What you will do ▸
With the pictures left out, write out exactly the lines of the listing below that run from the line with "Das Buch vom" through the line with "Ferienhaus für 6".

Supplied data ▸
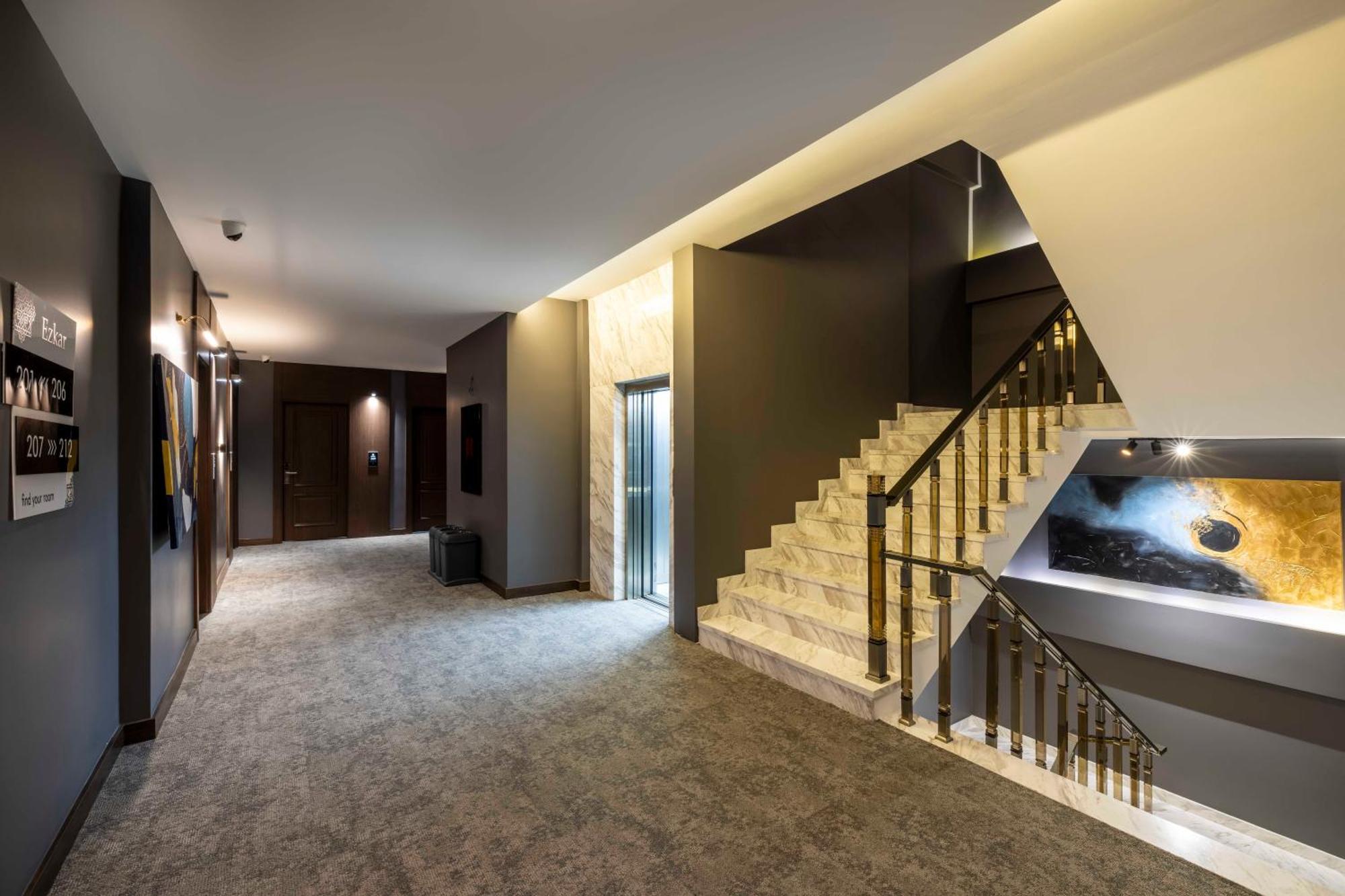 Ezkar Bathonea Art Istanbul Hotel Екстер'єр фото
==
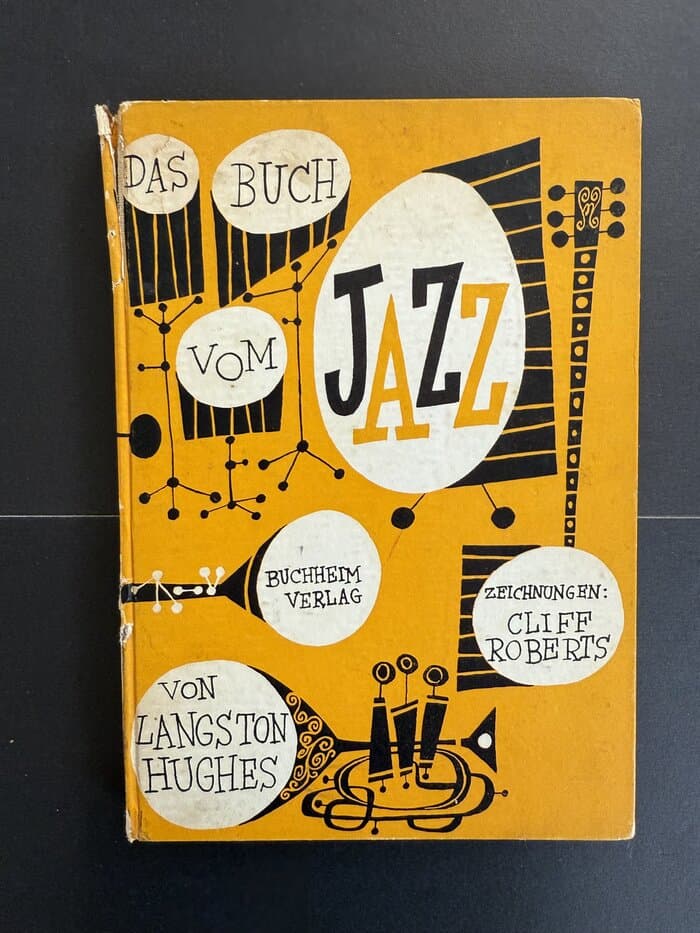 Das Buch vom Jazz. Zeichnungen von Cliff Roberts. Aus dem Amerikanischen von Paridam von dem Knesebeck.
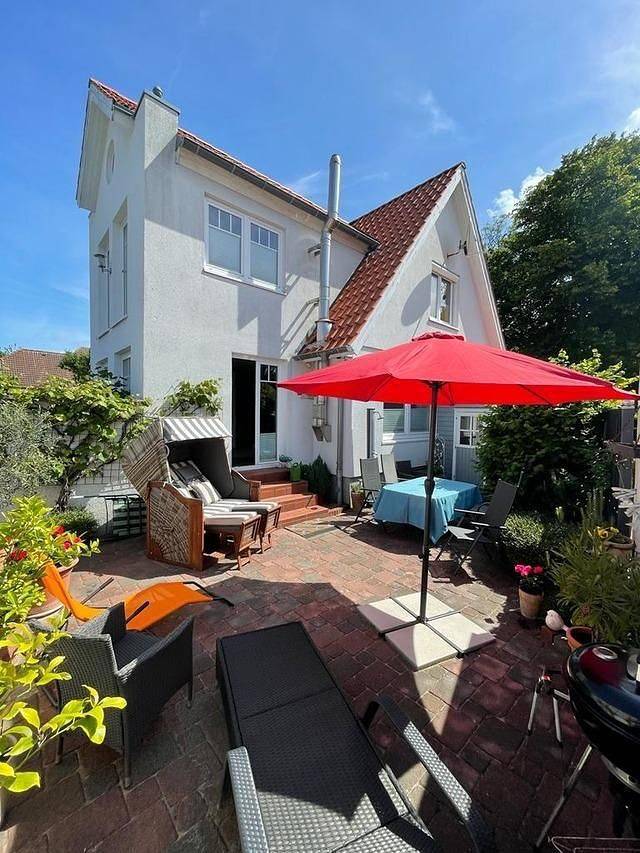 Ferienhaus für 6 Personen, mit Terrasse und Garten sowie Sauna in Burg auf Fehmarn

Reply ▸
 Das Buch vom Jazz. Zeichnungen von Cliff Roberts. Aus dem Amerikanischen von Paridam von dem Knesebeck.
 Ferienhaus für 6 Personen, mit Terrasse und Garten sowie Sauna in Burg auf Fehmarn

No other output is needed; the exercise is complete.